Thailand needs to be more resilient to grow sustainably, Bank of Thailand (BoT) governor Sethaput Suthiwartnarueput said on Friday.
Mr Sethaput told a business seminar the country cannot take economic stability for granted, especially when risks from conflict in the Middle East may have high side effects.
Southeast Asia's second-largest economy grew just 1.8% year-on-year in the second quarter, sharply slowing from the previous quarter, as weak exports and investment undercut strength in tourism.
The central bank chief has said the economy is expected to grow close to forecast this year, but next year's outlook of 4.4% growth would be revised down if the government's handout plan was reduced.
On Friday, he said he was worried about high household and public debt, but that the country's external stability remains strong.

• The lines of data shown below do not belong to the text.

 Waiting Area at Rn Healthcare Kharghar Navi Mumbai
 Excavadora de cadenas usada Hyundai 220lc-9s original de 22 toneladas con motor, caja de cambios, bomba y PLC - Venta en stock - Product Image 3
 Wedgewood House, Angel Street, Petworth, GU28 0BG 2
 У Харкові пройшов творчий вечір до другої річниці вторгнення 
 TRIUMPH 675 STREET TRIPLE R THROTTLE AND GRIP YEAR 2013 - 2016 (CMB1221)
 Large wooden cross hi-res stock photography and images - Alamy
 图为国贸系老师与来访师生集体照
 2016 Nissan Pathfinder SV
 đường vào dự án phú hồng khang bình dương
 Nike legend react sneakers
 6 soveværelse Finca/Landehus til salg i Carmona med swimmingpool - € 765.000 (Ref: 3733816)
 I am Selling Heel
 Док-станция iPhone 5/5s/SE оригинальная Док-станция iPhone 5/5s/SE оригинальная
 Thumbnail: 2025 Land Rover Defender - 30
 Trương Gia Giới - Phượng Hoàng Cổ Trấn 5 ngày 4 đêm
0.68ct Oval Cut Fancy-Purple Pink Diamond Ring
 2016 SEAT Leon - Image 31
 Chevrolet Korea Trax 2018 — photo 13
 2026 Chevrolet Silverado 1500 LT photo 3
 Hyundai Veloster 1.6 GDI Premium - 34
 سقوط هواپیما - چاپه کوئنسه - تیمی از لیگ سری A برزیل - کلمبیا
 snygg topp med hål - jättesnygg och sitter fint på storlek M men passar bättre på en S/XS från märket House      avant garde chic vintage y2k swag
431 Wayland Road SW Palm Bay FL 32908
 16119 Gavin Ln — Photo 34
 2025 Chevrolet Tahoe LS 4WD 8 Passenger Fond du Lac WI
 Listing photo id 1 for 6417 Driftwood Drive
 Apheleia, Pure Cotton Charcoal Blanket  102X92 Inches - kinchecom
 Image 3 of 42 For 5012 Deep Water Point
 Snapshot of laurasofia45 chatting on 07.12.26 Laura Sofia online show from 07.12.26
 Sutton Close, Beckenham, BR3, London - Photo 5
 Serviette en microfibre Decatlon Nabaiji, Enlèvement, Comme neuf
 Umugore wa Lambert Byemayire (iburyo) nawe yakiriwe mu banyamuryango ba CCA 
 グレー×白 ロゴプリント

In September, the BoT's Monetary Policy Committee unexpectedly raised the key interest rate by a quarter point to 2.50%, the highest in a decade, saying growth and inflation should pick up next year. It will next review policy on Nov 29.
The rate has been raised by total of 200 basis points since August last year to curb price pressures.
On Oct 28, Mr Sethaput said the current policy rate remained appropriate for the economy, but the BoT was ready to make adjustments if needed as he warned of increased global risks and concerns over the Middle East conflict.